The New Jersey Supreme Court invoked its own "continuous trigger" and "pro-rata allocation" theories and citing its own case, Owen-Illinois, Inc. v. United Ins. Co., 138 N.J. 437 (1994).

The New Jersey Court then held that, when addressing complex environmental insurance coverage issues, 1) that it must look beyond contract language and traditional rules of insurance policy interpretation to serve specific policy goals - maximization of resources for [*7]environmental clean-up, creating incentives for purchasing insurance, and notions of simple justice, 2) that non-cumulation of limits provisions under such circumstances were not enforceable, and 3) that under the "continuous trigger" theory in an environmental injury context, progressive indivisible property damage should be treated as an occurrence within each policy year (see Spaulding supra pp. 40-43). The Spaulding court specifically rejected the argument that the non-cumulation of limits provision was an invalid "escape" clause at page 43.

"Because it is well settled that an escape clause is a sub-species of other insurance, see 15 Couch on Ins. § 219:5 at 219-12 (3d ed.1999) (observing that there are three basic types of other-insurance clauses including escape clause), and because a non-cumulation clause is not an other-insurance clause, it follows that a non-cumulation clause technically is not an escape clause."

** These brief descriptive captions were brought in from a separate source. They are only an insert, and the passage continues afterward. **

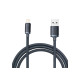 Кабель Baseus Crystal Shine Series Fast Charging Data Cable USB to iP 2.4A 2m Black (CAJY000101)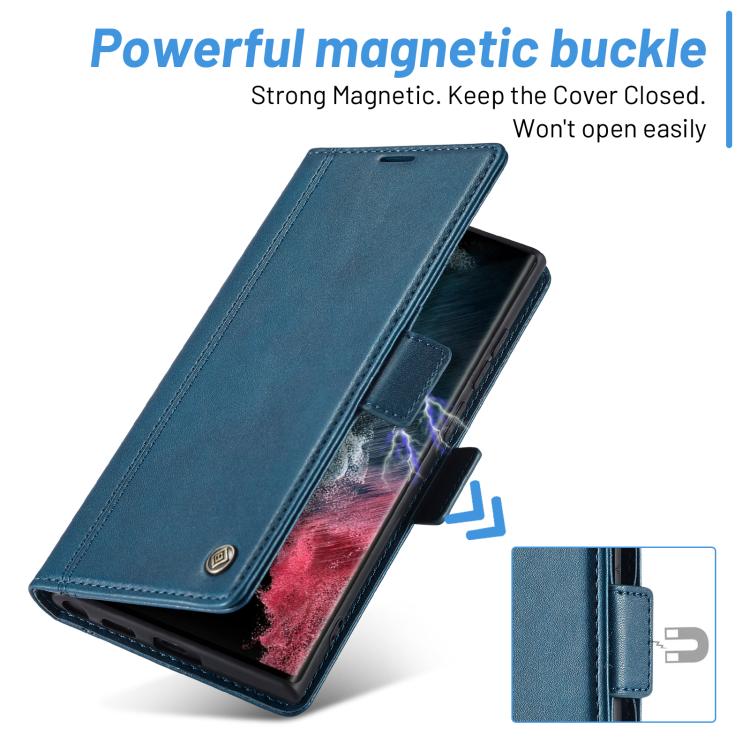 For Samsung Galaxy S25 Ultra 5G LC.IMEEKE Card Slots Skin Feeling Leather Phone Case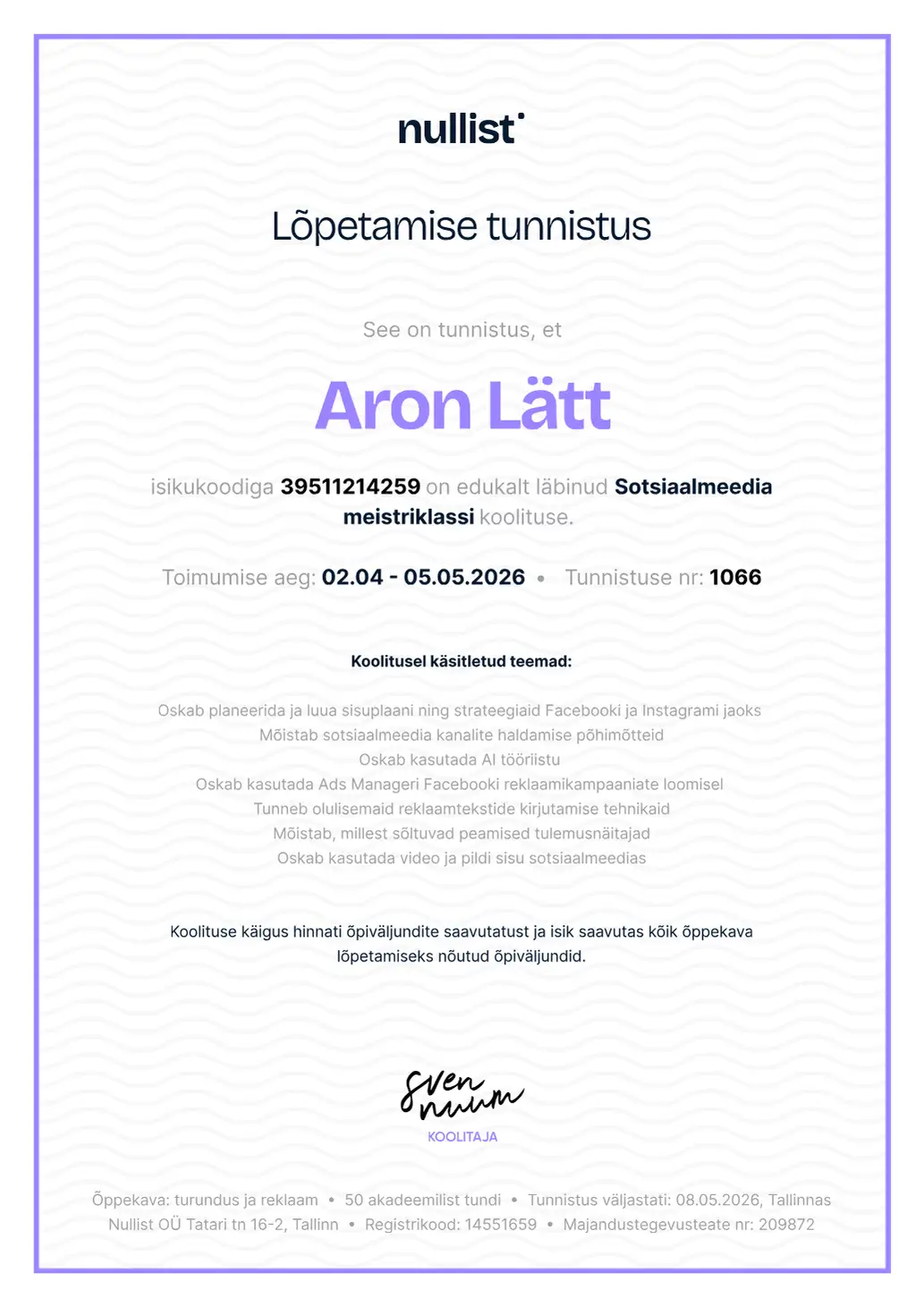 Nullist-Tunnistus_Aron_Latt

Thus, Plaintiff Mark IV's reliance on the Spaulding case is fatally undermined by two considerations. First, as per Endicott Johnson and Hiraldo supra, Spaulding's doctrinal underpinnings have not been adopted by the New York courts. Second, the analysis in Spaulding has been adopted by the New Jersey courts only in an environmental hazard exposure context.

Our case does not involve environment hazard exposure, but does involve non-progressive, readily divisible property damage. This Court is not persuaded that Spaulding supra stands as effective precedent even under New Jersey law. Clearly it is not under the present New York law.

Therefore, the Court can only return to its initial conclusion: that all the property damage, over all four policy terms, was as the result of a single occurrence, that the ordinary language of the non-cumulation provision applies, hence the policy limit is two million dollars.

Plaintiffs Mark IV and Dayco's motion for summary judgment is denied; Defendant Liberty Mutual's motion for summary judgment is granted.

Submit order upon notice to opposing counsel.

EUGENE M. FAHEY, J.S.C.

Dated: April 28, 2006 Footnotes

Footnote 1:Plaintiffs do argue in their Memorandum of Law of December 21, 2005 at p. 9 that the term "occurrence" is ambiguous and must be construed in their favor. The Court finds nothing ambiguous in the definition simply because it adds a clause, derived from the case law, since the time of Hartford Accident v. Wesolowski supra. The Court does not accept the proposition that there is a single occurrence here for the excess policies, but not for the primary policies.